As always we start with the equation of motion, which is
\[ \begin{aligned} m(t) \ddot{x} = F_{\rm thrust}. \end{aligned} \]
This looks simple, but we have to deal with the extra complication that \( m(t) \) is time dependent. Fortunately, since we know that the mass ejection rate is constant, it's easy to see that
\[ \begin{aligned} m(t) = m_0 - kt. \end{aligned} \]
Our equation of motion is nice and separable: moving things around and integrating, we find first that
\[ \begin{aligned} \int d\dot{x} = F_{\rm thrust} \int \frac{dt}{m_0 - kt} \\ \dot{x}(t) = \dot{x}(0) - \frac{F_{\rm thrust}}{k} \ln \left(1 - \frac{kt}{m_0}\right). \end{aligned} \]
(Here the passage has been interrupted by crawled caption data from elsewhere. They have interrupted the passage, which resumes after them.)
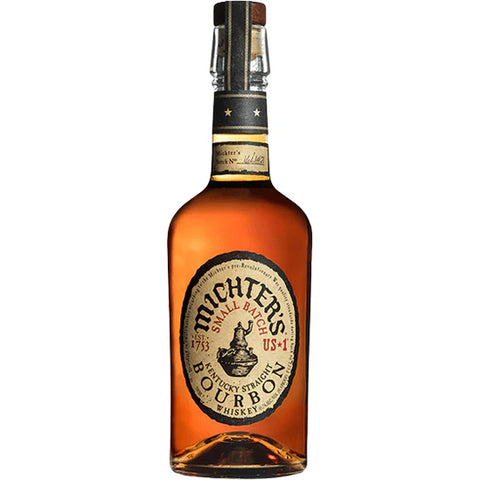 Michter's Limited Release Toasted Barrel Finish Kentucky Straight Bourbon 750ml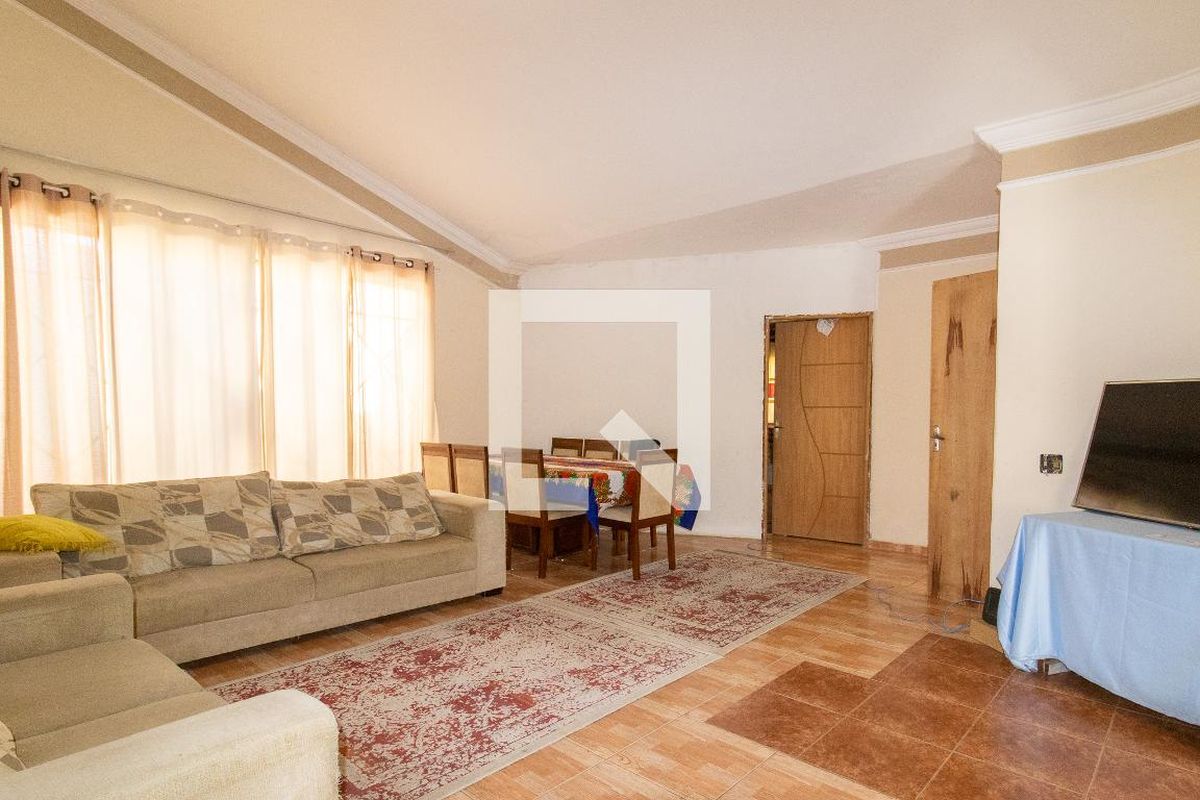 Casa à Venda - Jardim Chapadão, 4 Quartos,  300 m2 em , Campinas - sp | SoloBR
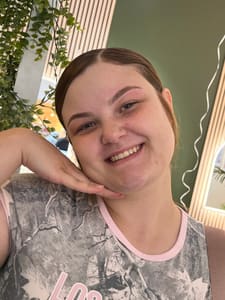 Eyebrow Tattoo result by Brow Express in Lincoln, NE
Integrating one more time, and using the result \( \int dx \ln x = x \ln x - x \) (which is easy to verify), we have
\[ \begin{aligned} x(t) = x(0) + \left(\dot{x}(0) + \frac{F_{\rm thrust}}{k} \right) t + \frac{F_{\rm thrust} (m_0 - kt)}{k^2} \ln \left(1 - \frac{kt}{m_0}\right). \end{aligned} \]
This is an analytic solution, but it's already pretty complicated - and this was the simplest possible case, with no other forces acting! It's also worth noting that this solution is not valid for all times: mathematically, we can see that at \( t = m_0 / k \) the log blows up, and we have \( x(m_0 / k) \rightarrow \infty \)!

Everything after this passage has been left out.